Give back exactly the lines of the data below, starting with the line that has "Çivril köylerine beyaz perde geldi" and going on through the line that has "property at 942 Port Union Rd".

▼

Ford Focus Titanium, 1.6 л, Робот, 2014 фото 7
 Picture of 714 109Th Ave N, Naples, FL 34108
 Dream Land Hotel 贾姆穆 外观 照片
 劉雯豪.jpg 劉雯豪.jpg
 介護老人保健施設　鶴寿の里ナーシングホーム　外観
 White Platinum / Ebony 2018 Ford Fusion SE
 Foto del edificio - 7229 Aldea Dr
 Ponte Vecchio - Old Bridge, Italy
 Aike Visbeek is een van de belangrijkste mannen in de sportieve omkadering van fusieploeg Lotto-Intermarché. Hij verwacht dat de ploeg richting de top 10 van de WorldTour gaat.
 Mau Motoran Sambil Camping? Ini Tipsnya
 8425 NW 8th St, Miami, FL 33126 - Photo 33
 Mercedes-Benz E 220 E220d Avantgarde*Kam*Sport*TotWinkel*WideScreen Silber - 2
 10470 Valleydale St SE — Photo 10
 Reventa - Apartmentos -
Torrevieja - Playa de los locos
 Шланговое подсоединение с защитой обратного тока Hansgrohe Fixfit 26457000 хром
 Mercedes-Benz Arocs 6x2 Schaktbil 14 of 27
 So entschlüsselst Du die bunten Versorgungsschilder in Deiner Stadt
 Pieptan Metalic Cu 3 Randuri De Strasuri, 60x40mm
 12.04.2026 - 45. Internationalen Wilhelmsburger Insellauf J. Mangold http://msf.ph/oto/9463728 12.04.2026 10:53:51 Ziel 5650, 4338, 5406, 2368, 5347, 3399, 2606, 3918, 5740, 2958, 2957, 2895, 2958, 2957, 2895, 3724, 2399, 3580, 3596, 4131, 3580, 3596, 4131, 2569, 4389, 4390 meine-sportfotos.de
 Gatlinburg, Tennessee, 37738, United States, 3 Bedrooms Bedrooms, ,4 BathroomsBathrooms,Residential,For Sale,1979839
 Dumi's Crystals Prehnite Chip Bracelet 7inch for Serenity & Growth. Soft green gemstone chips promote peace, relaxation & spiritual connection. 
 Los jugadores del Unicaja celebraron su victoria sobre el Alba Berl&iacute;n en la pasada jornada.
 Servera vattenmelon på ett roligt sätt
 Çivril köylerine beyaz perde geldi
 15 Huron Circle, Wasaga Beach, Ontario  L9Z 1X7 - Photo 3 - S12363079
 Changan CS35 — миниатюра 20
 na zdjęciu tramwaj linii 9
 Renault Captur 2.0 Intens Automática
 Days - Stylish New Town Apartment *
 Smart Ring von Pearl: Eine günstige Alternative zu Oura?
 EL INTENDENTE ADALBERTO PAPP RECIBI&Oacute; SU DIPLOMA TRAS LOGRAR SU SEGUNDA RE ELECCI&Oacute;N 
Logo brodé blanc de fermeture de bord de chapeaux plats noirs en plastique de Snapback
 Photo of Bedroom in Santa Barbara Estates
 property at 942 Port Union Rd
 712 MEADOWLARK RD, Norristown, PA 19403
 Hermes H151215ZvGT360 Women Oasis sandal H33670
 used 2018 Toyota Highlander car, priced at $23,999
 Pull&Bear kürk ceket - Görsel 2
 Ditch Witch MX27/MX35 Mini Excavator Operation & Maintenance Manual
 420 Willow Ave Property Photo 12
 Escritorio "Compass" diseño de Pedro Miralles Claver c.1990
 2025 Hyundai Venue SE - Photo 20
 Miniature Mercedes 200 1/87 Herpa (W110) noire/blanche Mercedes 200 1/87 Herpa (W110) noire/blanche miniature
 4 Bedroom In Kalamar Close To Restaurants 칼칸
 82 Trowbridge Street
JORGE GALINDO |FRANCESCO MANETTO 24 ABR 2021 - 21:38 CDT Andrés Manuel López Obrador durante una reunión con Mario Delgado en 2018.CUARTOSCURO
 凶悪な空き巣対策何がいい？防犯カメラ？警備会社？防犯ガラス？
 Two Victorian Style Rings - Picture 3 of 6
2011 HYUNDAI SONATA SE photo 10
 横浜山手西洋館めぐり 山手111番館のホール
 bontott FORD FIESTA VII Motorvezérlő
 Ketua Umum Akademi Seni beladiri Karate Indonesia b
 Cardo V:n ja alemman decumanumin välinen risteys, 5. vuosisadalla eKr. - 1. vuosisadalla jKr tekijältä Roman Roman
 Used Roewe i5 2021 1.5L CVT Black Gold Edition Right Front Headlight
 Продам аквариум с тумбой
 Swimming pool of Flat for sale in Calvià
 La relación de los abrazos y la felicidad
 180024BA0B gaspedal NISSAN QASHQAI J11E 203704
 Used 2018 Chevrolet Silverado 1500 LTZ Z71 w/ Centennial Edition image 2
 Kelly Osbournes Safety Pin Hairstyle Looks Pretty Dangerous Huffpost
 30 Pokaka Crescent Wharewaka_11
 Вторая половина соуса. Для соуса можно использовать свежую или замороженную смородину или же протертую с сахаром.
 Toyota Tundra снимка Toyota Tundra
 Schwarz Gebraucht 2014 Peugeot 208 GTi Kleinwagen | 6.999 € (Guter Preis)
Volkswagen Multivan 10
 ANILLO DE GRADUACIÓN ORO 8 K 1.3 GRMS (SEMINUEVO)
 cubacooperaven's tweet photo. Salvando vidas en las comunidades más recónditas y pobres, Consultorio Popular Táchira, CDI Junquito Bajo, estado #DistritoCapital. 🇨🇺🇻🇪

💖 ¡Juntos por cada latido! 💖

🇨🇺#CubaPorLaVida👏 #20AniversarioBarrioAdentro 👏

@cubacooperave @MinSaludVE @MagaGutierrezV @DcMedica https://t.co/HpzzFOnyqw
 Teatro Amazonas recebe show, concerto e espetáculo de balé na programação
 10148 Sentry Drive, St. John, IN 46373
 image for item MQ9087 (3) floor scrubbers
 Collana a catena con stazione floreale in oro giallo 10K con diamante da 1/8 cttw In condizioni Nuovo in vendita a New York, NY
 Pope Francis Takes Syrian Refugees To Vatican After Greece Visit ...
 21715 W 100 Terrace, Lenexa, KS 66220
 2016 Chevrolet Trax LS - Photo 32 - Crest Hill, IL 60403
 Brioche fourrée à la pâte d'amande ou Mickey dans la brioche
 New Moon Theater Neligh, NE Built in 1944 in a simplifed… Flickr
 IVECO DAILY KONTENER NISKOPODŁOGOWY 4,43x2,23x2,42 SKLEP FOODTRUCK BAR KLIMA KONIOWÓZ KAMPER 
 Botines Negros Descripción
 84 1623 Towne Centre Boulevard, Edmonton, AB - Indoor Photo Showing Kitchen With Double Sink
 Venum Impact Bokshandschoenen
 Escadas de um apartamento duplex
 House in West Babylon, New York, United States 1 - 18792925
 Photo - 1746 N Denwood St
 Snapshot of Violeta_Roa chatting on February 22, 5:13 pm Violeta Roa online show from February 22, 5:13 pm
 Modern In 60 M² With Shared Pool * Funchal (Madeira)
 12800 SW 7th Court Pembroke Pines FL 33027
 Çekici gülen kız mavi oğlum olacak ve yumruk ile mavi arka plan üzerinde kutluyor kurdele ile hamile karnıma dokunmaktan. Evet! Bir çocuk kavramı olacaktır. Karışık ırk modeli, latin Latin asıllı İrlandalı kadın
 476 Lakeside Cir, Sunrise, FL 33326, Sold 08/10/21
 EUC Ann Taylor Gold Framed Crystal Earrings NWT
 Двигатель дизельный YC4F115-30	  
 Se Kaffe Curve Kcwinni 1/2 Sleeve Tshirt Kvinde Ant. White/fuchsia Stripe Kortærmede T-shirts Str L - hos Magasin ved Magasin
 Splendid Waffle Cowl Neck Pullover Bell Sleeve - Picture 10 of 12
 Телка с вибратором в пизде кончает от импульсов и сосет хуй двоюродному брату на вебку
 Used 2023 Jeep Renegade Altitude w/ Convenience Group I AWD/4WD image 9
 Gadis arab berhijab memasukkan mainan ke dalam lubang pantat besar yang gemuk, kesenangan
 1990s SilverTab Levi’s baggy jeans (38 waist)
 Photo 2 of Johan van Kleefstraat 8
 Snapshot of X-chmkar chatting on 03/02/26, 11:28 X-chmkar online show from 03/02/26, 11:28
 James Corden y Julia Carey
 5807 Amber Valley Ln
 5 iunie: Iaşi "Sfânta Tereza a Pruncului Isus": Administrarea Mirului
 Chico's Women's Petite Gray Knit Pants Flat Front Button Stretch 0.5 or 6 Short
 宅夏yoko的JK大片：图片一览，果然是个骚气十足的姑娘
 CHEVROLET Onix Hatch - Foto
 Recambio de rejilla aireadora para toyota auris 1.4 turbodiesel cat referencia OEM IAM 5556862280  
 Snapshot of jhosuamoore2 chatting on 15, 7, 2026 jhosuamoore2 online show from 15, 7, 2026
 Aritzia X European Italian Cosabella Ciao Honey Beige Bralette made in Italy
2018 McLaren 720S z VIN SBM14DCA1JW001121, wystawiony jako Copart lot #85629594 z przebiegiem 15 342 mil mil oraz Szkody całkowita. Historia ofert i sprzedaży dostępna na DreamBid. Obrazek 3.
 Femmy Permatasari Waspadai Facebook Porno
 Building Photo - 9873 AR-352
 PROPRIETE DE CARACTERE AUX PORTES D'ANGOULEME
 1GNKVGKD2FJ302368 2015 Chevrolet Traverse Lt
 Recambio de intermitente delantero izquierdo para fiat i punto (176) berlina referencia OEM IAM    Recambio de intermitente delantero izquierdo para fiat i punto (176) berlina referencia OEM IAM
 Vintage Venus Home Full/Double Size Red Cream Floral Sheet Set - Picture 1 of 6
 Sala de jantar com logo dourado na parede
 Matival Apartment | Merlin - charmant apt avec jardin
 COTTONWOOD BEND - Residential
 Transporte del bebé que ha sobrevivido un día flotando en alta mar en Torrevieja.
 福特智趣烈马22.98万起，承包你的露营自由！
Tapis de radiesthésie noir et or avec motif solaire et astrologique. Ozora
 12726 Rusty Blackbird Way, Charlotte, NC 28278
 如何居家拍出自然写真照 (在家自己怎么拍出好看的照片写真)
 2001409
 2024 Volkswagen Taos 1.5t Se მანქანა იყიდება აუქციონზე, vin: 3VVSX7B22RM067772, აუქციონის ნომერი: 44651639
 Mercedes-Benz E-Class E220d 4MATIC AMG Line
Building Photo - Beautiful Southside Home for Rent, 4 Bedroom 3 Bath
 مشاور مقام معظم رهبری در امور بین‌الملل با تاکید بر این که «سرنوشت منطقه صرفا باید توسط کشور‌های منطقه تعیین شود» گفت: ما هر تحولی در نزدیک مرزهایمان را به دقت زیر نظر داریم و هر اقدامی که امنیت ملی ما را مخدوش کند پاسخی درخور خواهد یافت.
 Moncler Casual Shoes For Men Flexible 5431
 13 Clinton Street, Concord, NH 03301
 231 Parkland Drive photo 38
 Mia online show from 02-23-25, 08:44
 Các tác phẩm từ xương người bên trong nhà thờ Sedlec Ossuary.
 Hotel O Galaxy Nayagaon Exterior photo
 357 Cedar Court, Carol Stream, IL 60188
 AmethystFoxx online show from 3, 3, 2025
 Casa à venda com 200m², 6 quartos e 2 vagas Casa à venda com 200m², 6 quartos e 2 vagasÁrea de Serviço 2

▲

TASK SOLUTION.
 Çivril köylerine beyaz perde geldi
 15 Huron Circle, Wasaga Beach, Ontario  L9Z 1X7 - Photo 3 - S12363079
 Changan CS35 — миниатюра 20
 na zdjęciu tramwaj linii 9
 Renault Captur 2.0 Intens Automática
 Days - Stylish New Town Apartment *
 Smart Ring von Pearl: Eine günstige Alternative zu Oura?
 EL INTENDENTE ADALBERTO PAPP RECIBI&Oacute; SU DIPLOMA TRAS LOGRAR SU SEGUNDA RE ELECCI&Oacute;N 
Logo brodé blanc de fermeture de bord de chapeaux plats noirs en plastique de Snapback
 Photo of Bedroom in Santa Barbara Estates
 property at 942 Port Union Rd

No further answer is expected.